Alcuni spunti di riflessione attraverso le domande poste a Dacia Maraini da “La Cipolla Gagliarda” e Sandra Landi, scrittrice e saggista fiorentina, in relazione alla sua intervista del 16 marzo sul Corriere della Sera:
Abbiamo letto il suo articolo sul Corriere della sera e ci è sembrato molto interessante lo sdoppiamento (Conrad) come visione di un dialogo con se stessi non sempre puliti, onesti e limpidi, come superficialmente, in condizioni di normalità, ci può sembrare. Dal momento del lockdown quanto di noi abbiamo potuto vedere di ignoto, di oscuro, di sconosciuto?

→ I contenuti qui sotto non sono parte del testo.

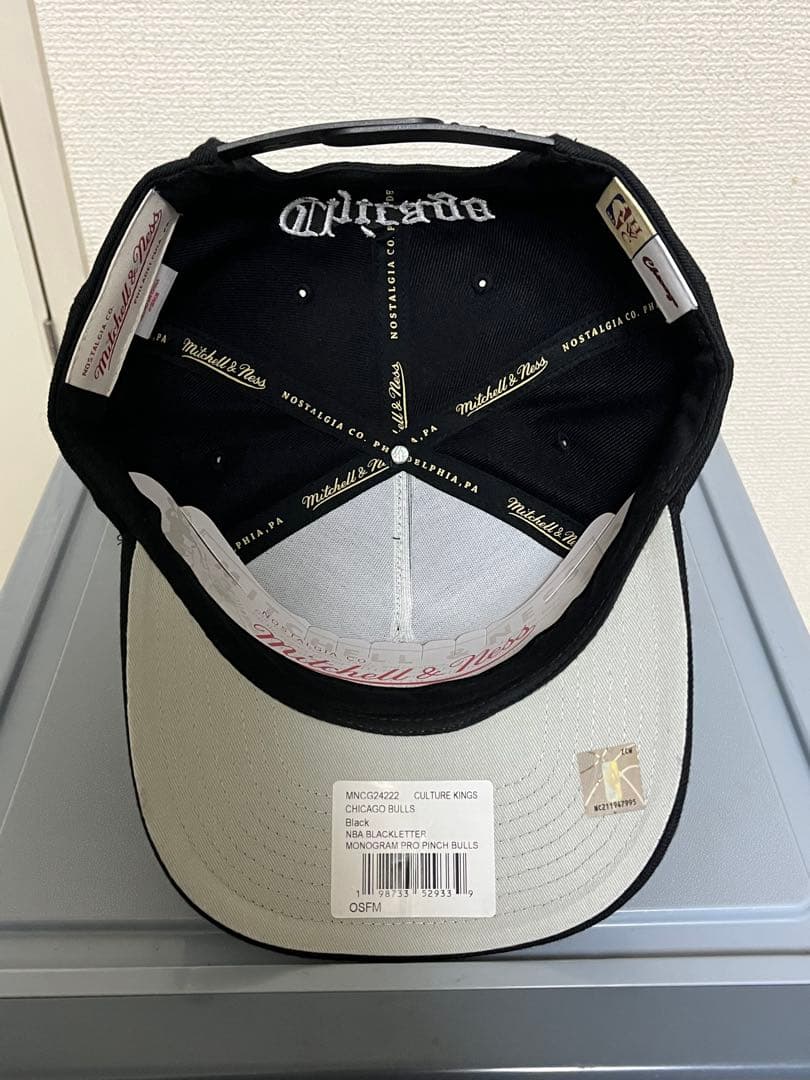 ミッチェルアンドネス シカゴブルズPRO PINCH SNAPBACKキャップ - メルカリ
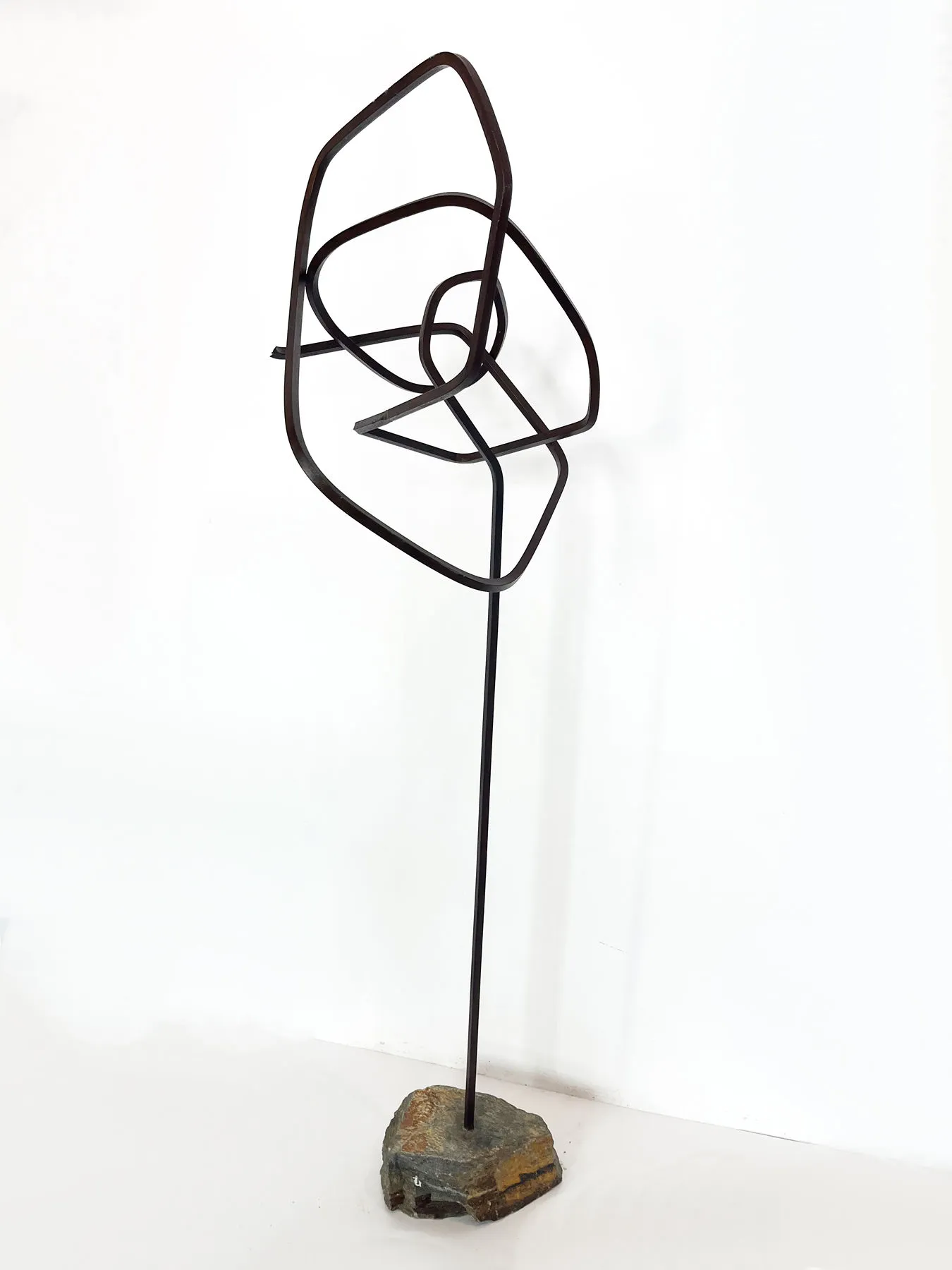 Árbol de la vida, Ariel Elizondo, 2025, Corten steel and quartzite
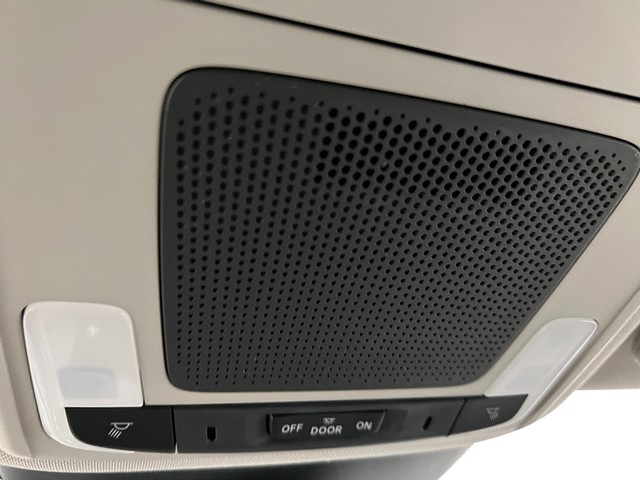 Honda Pilot Vehicle Full-screen Gallery Image 22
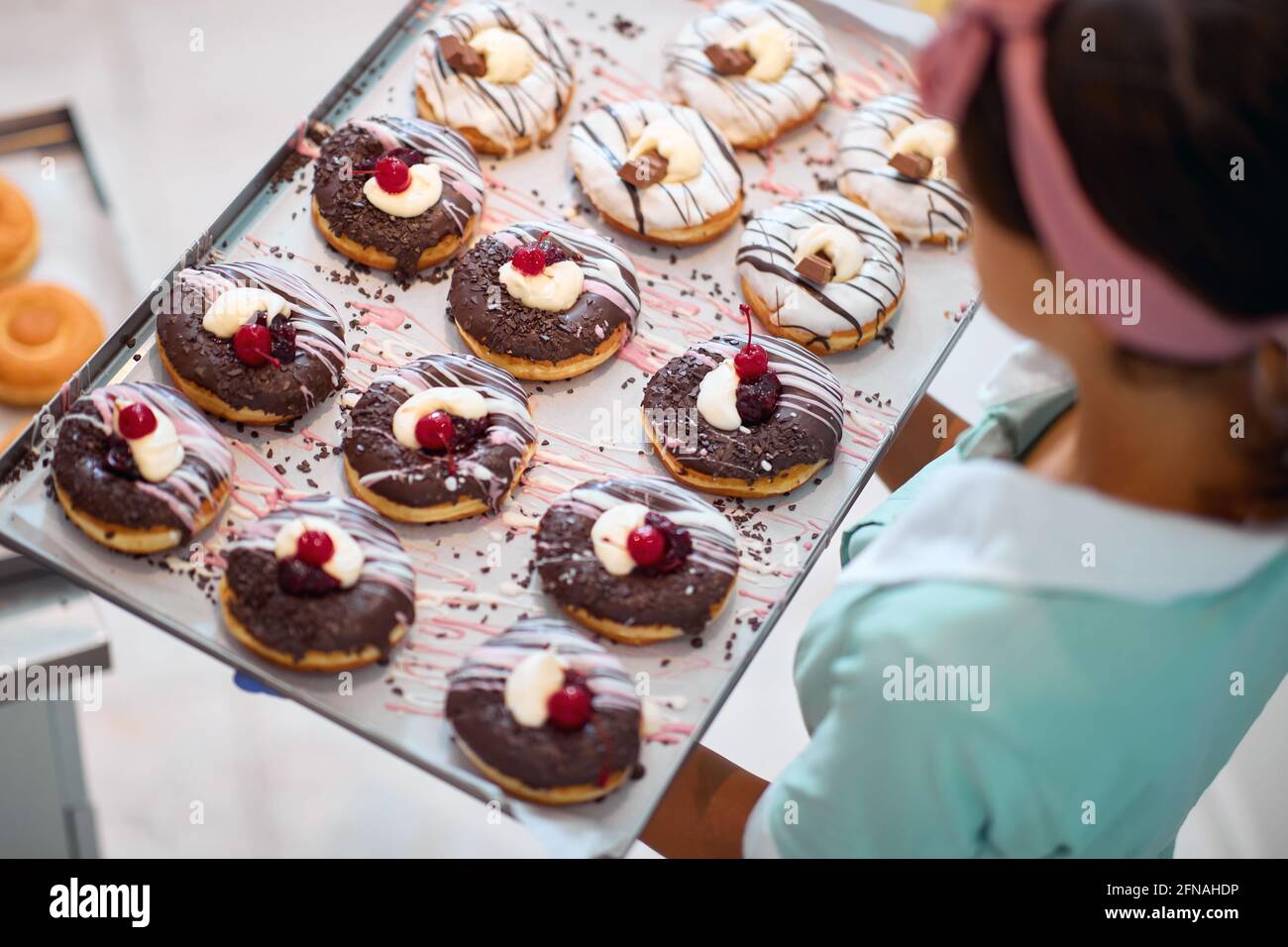 Closeup di ciambelle appetitose pronte per il trasporto alla pasticceria Foto Stock
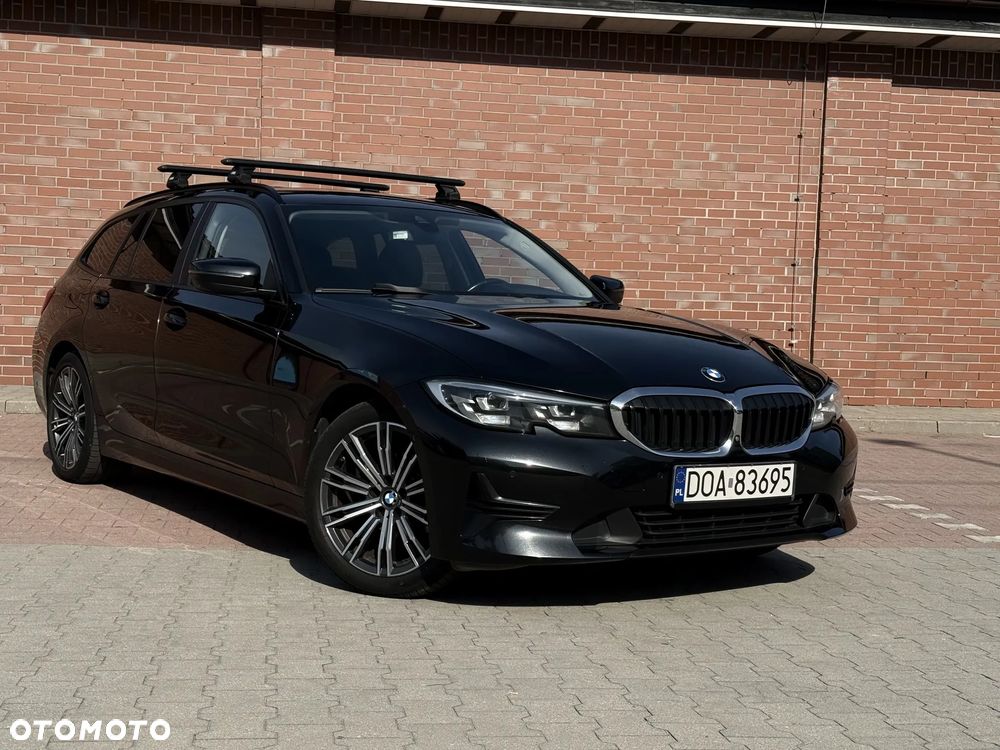 BMW 318D 2020 photo 2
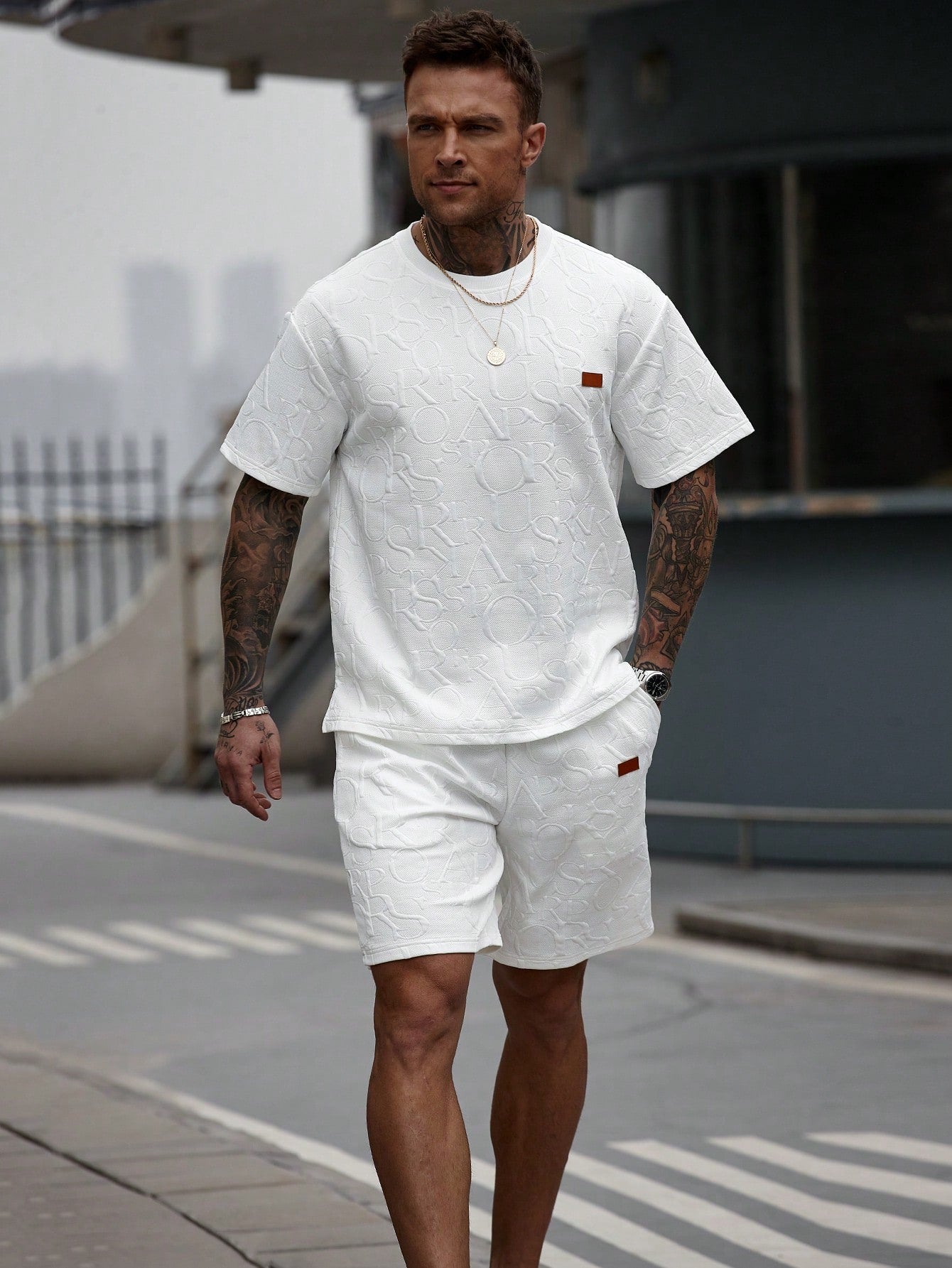 Conjunto Masculino Camiseta Lettering Relevo E Shorts Ajustáveis Conjunto Masculino Camiseta Lettering Relevo E Shorts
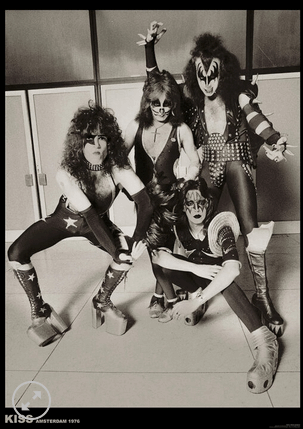 11x17 Kiss Countertop Poster - HalfMoonMusic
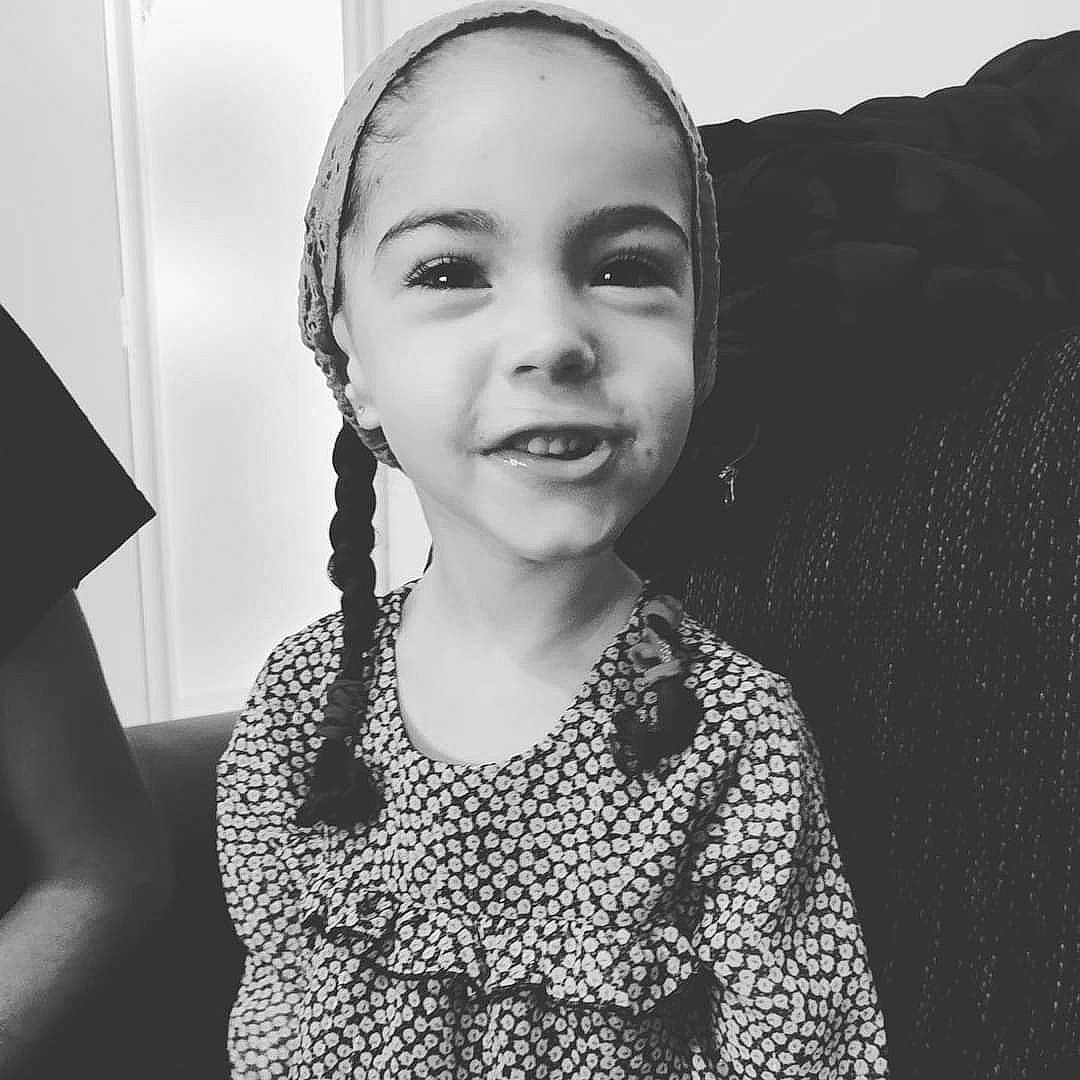 Katalhéya participe au concours pour gagner de l'argent avec cette photo : child, eyebrow, eyelash, iris, lip, mouth, nose, person, polka_dot, portrait, portrait_photography, style, tooth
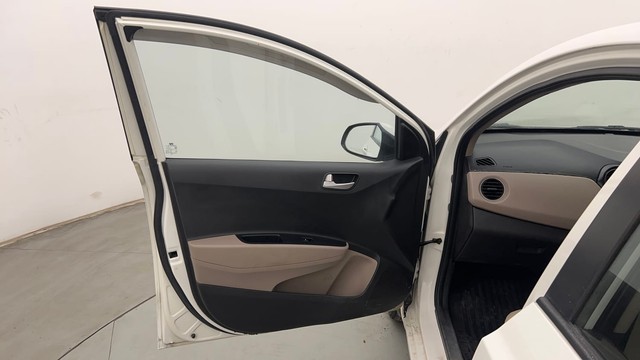 Second-hand 2017 Hyundai Xcent Petrol for sale in Chandigarh-34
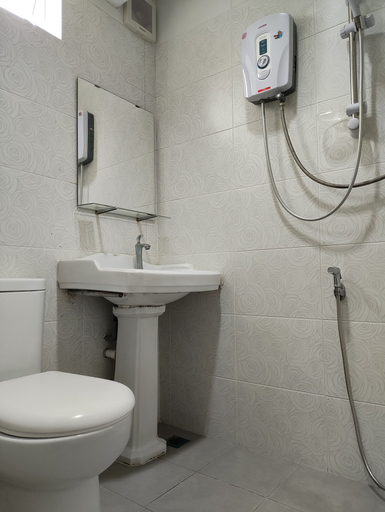 Bathroom 3, Ar Rayyan Hotel, Cameron Highlands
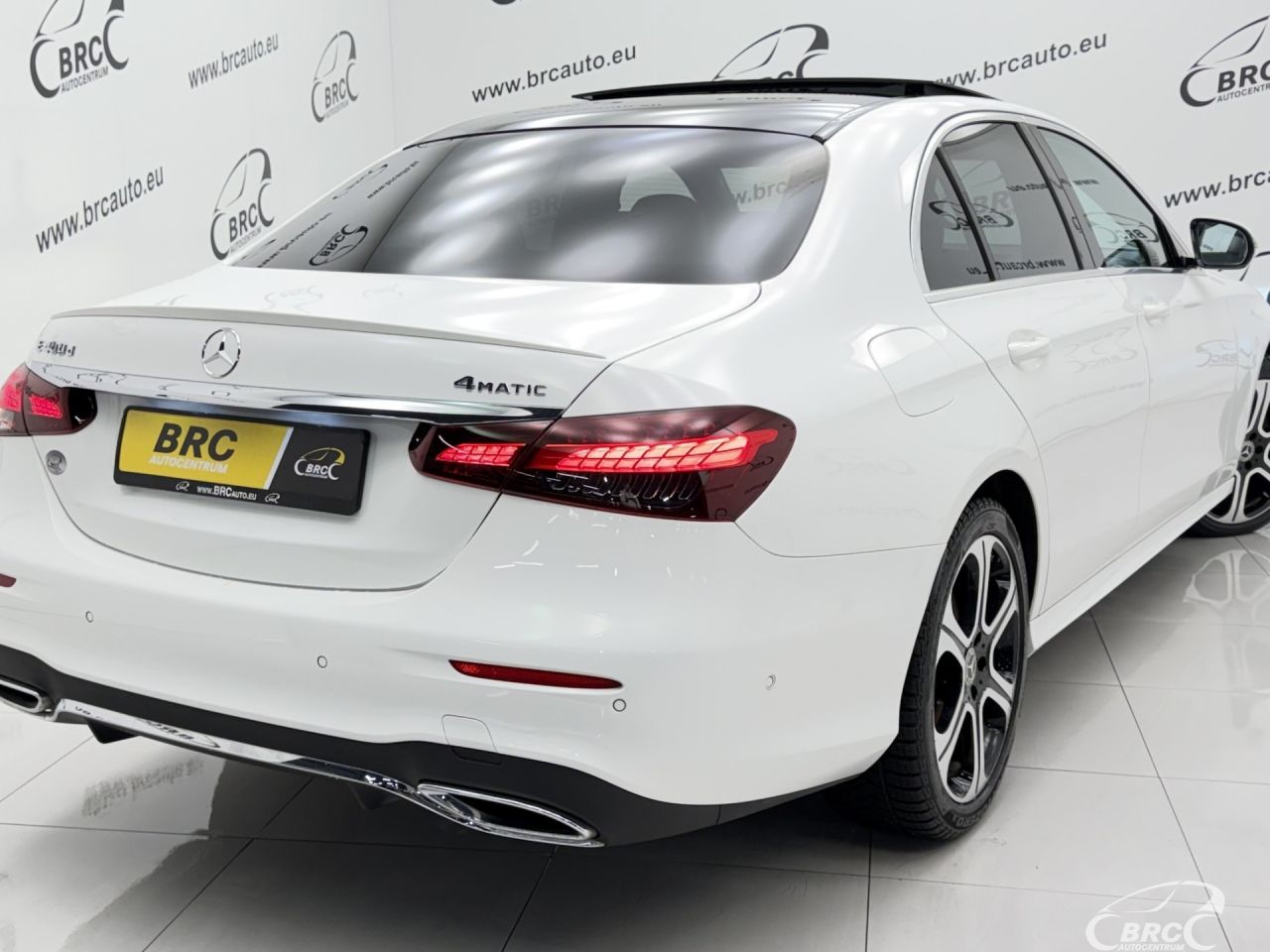 Mercedes-Benz E400 | 51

Dacia Maraini: “Siamo tutti colpevoli di fronte alla cura dell’ambiente, anche se non siamo direttamente implicati, perché abbiamo accettato il sistema senza discutere e protestare. Siamo colpevoli di complicità nella distruzione dell’ambiente che si sta compiendo sotto i nostri occhi ciechi: abbiamo lasciato che si riempissero di cemento le campagne, abbiamo permesso che si estinguessero tante specie preziose con l’uso dissennato dei pesticidi, abbiamo fatto riempire il mare di plastica, avvelenato le acque dei fiumi, creato quei campi di tortura e di sterminio che sono gli allevamenti intensivi. Spero proprio che ci sia un ripensamento. Non siamo i proprietari assoluti della terra e non abbiamo il diritto di distruggere l’ecosistema ai nostri figlie nipoti”.
Purtroppo questo lato viene fuori se è compresso, infatti in questa situazione di forzata permanenza nelle nostre case, le situazioni di violenza si moltiplicano. Abbiamo notizie della drammaticità in cui versano le case di accoglienza per donne che subiscono violenza e vorremmo attirare l’attenzione dell’opinione pubblica su questo problema. Può aiutarci con le sue considerazioni o proposte?
Dacia Maraini: “Tutto questo è una delle conseguenze della forzata segregazione. Ma siccome i rifugi per le donne maltrattate e minacciate continuano il loro lavoro, bisogna convincere le donne che vivono sotto minaccia a denunciare , anche se è difficile, ma sarà ancora più difficile continuare a stare vicino a chi le tiene sotto ricatto. La cronaca ci dice che spesso queste minacce sconfinano in vere e proprie mattanze”.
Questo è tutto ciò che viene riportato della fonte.